**EXERCISE PROMPT:** Output the opening lines of the records exactly. End with the line that contains "PixieGirl Petite Burgundy".

**INFORMATION SHOWN:**
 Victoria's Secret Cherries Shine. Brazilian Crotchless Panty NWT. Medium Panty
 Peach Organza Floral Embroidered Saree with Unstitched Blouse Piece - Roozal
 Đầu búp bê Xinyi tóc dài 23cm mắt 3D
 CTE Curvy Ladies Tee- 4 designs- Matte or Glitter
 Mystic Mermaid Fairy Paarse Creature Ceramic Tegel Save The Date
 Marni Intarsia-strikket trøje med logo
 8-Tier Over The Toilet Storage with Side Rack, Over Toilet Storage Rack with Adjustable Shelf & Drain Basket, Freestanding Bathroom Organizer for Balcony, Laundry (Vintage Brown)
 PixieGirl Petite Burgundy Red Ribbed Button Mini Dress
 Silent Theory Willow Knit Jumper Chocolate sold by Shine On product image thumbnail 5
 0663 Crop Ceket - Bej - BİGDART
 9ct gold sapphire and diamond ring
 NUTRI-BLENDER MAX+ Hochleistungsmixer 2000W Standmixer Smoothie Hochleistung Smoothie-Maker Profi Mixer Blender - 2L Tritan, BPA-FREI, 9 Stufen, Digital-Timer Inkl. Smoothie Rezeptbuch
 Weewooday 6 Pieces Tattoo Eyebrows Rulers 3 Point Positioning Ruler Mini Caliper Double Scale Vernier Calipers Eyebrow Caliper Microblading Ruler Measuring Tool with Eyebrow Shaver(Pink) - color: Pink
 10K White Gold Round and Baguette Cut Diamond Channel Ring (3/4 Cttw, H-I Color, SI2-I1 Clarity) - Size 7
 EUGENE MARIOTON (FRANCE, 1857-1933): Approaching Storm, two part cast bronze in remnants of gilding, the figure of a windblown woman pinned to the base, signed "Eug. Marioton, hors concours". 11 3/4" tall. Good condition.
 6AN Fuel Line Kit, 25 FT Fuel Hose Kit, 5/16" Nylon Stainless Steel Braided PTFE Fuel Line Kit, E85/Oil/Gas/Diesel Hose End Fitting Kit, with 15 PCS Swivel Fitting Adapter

**REPLY TO THE EXERCISE:**
 Victoria's Secret Cherries Shine. Brazilian Crotchless Panty NWT. Medium Panty
 Peach Organza Floral Embroidered Saree with Unstitched Blouse Piece - Roozal
 Đầu búp bê Xinyi tóc dài 23cm mắt 3D
 CTE Curvy Ladies Tee- 4 designs- Matte or Glitter
 Mystic Mermaid Fairy Paarse Creature Ceramic Tegel Save The Date
 Marni Intarsia-strikket trøje med logo
 8-Tier Over The Toilet Storage with Side Rack, Over Toilet Storage Rack with Adjustable Shelf & Drain Basket, Freestanding Bathroom Organizer for Balcony, Laundry (Vintage Brown)
 PixieGirl Petite Burgundy Red Ribbed Button Mini Dress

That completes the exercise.